An important target is the closer link of the education with the labour market – an area where Greece lags substantially behind her European partners and contributes to the high rates of youth unemployment. In this context, it is planned to upgrade vocational training in direct link with market needs.


11. Fight against corruption and enhancement of reliability and transparency: The government adjusted the legislation in order to align the framework against corruption to international standards and designed and implemented an integrated strategy against fraud and corruption.

Following a series of interventions, the taxation system and revenue administration were rationalized, leaving less room to corrupt practices.


Priorities for the near future include improvements in transparency, digitalization,
simplification of procedures and capacity building.

12. Acceleration and improvement in the justice system:
Justice reform is being implemented with consistency, in order to secure efficient and timely execution of contracts, application of the competition law and regulations, increase of court efficiency, rationalization of procedures of administrative courts and reinforcement of extrajudicial processes. These efforts are expected to lead to the acceleration in the award of justice and, as a result, to have beneficial effects on investment.

Moreover,in the longer term, a constitutional amendment is being considered that might give a further boost to this reform.


13. Reinforcement of social cohesion:
During the recent crisis, the unemployment rate in Greece reached unprecedented levels, while at the same time the lack of an efficient social safety net became apparent.

The experience of other countries, that encountered in the past such extremely high unemployment rates, indicates that a substantial period of time will be necessary until unemployment drops to normal levels. Until reaching that point, a significant effort has to take place for redirecting the resources of social policy towards the most vulnerable groups through the establishment of a Means-Tested Minimum Income Support Program.

Particular attention is paid to the group of the unemployed and, especially, the long term unemployed. The main tools take the form of vocational training policies and temporary employment policies, in order to sustain the links of the unemployed with the labour market. The financing of such policies is frontloaded in the framework of Structural Policies.

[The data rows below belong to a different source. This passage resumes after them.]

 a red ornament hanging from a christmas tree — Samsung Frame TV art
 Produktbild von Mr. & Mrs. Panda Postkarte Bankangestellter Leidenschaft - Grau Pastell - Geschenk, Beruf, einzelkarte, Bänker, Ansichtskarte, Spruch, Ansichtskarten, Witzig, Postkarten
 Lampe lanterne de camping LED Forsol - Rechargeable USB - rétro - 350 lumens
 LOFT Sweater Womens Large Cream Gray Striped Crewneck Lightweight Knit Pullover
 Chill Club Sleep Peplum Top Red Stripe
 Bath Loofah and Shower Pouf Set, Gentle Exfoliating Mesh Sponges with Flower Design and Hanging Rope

In the field of public health, a major reform is being implemented that changes radically the health care system by transferring the burden to primary

health care, improving the provision of services to the citizens and rationalizing public expenditure.

4. Sectoral Policies
 
Empirical studies show that Greece has comparative advantages in a number of specific sectors of economic activity. Indicatively, such sectors include tourism, the primary  sector and the processing of agricultural products, fish farming, energy, logistics, technology and applied R&D, pharmaceuticals, metal and building materials industries and a series of activities related to shipping. In addition, there is wide scope for extending production in a few sectors that produce primarily non tradable goods and services such as the retail trade and financial
sectors.
 
The aim of the new growth strategy is not limited to increasing the quantity of production in these sectors but also at improving product quality as well as increasing the level of synergies between sectors of economic activity. As noted above, studies have been conducted or are being conducted for specific sectors or sub-sectors, on the basis of which detailed policy measures will be drawn.

Obviously, not all of the sub-sectors of the aforementioned sectors

have the same comparative advantages or the same potential, while there can be other subsectors in which Greece has or can have a comparative advantage.

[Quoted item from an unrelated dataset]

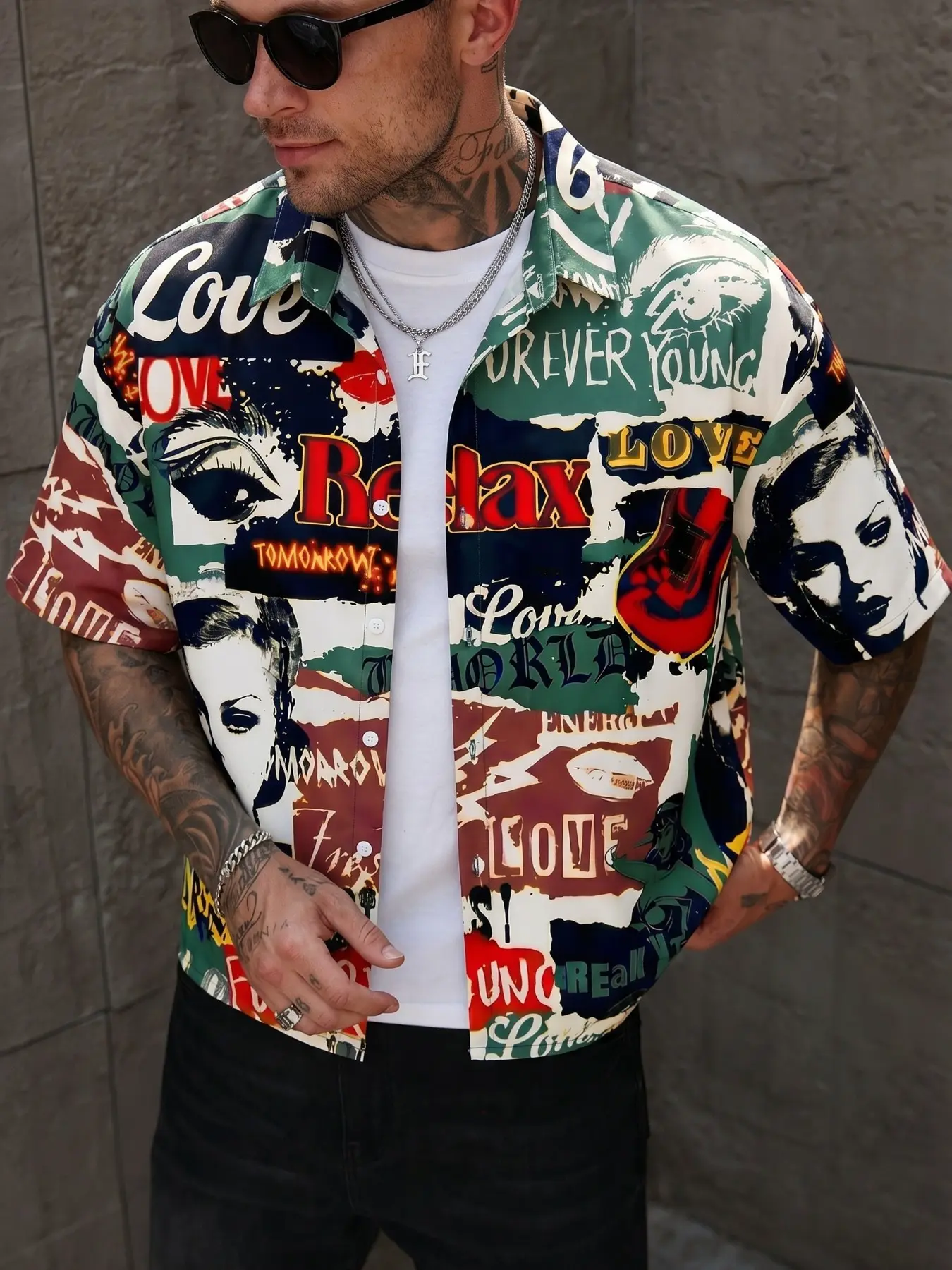 Men's Retro Pop Art Style Short Sleeve Cuban Collar Core Shirt, Perfect for Vacation or Vintage Theme, Casual All over Print Blouse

In short, the new growth model will be based on the following pillars:


• Tourism:
Greece already claims a strong share in the international tourism market.
To increase this share, the country is targeting more investments by developing the necessary infrastructure, using existing resources in a more efficient manner, and by promoting its cultural heritage, while ensuring that synergies in the sector are effectively established.
Due emphasis is placed on the diversification and the quality upgrade of tourism by developing new products such as medical tourism, religious tourism and elderly-care.

• Primary sector and agro-food industry:
A large number of Greek agricultural products are known for their quality. In this respect, there is wide scope for increasing domestic added value by increasing the percentage of manufacturing and the promotion of Greek processed foods to international markets, placing particular emphasis on standardization and quality control.
 
Energy:
The Greek government has launched an ambitious strategic plan which will
serve as a guideline for the next years to optimize the energy mix, administer mineral wealth, exploit renewable sources in a sustainable manner, manage waste efficiently, and promote energy savings and the extroversion of the energy sector in an environmentally friendly fashion.

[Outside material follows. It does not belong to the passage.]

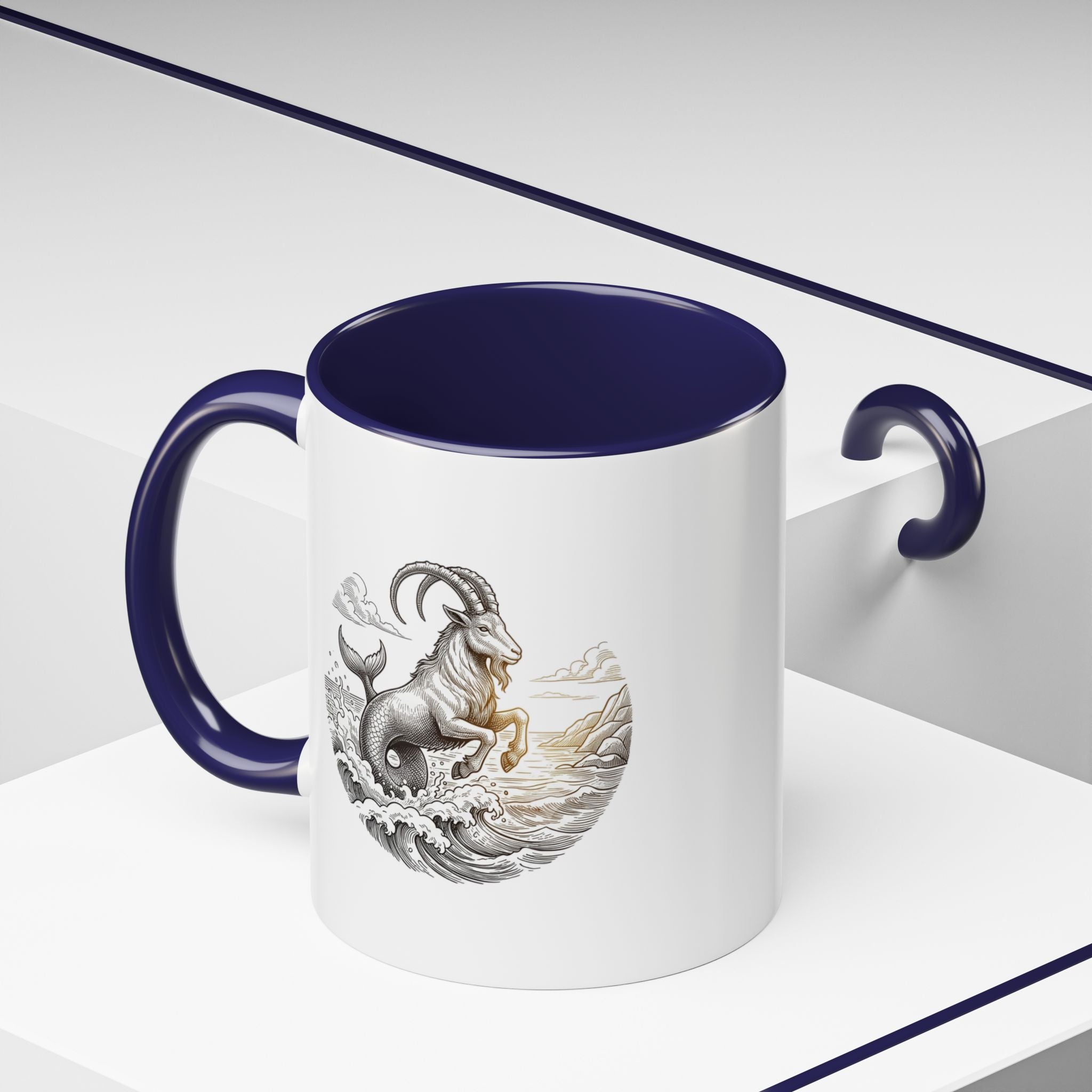 Capricorn Goat Mermaid Coffee Mug — Zodiac Capricorn Accent Mug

• Logistics and interoperability:
The geographical location of Greece makes it an ideal logistics hub, in particular between Asia and Central-Eastern Europe. The necessary road, port and railway infrastructure is already being developed while progress is made in the privatizations of ports and railways. The licensing procedures for storage facilities are simplified and the legislation for freight centers has been modernized.

• Research, technology and Innovation:
The only way Greece can exploit its highskill human capital and create products and services of high added value is by investing in research, technology and innovation. The provision of incentives through well-targeted policies is expected to help in achieving these targets and in making Greece a regional R&D center in the wider Mediterranean.
 
• Pharmaceuticals:
The Greek pharmaceutical industry is strong in the production of generics and other inputs for foreign producers. Supporting this sector by promoting
R&D policies will increase its potential, offering at the same time substantial benefits to the broader economy.

• Metal and construction materials Industries:
The mineral wealth of the country and the leading metal and construction materials industries are expected to play a key role in the new growth model of Greece. The synergies between this sector and other sectors such as transport, R&D, energy and, obviously, the construction sector can produce serious multiplicative effects.
 
• Shipping and related services.
Greece’s leading position in international maritime will be combined with the development of an active shipping center in the country by providing the appropriate incentives. Related services that can be developed include
financial services, insurance, training, maintenance, shipbuilding and maintenance.
 
• Tradable services: Taking advantage of the fact that many Greek firms are
established in neighboring countries, while a substantial segment of the Greek labour force is highly qualified Greece can evolve into a regional center for the provision of specialized services in the wider Balkan and Eastern Europe area.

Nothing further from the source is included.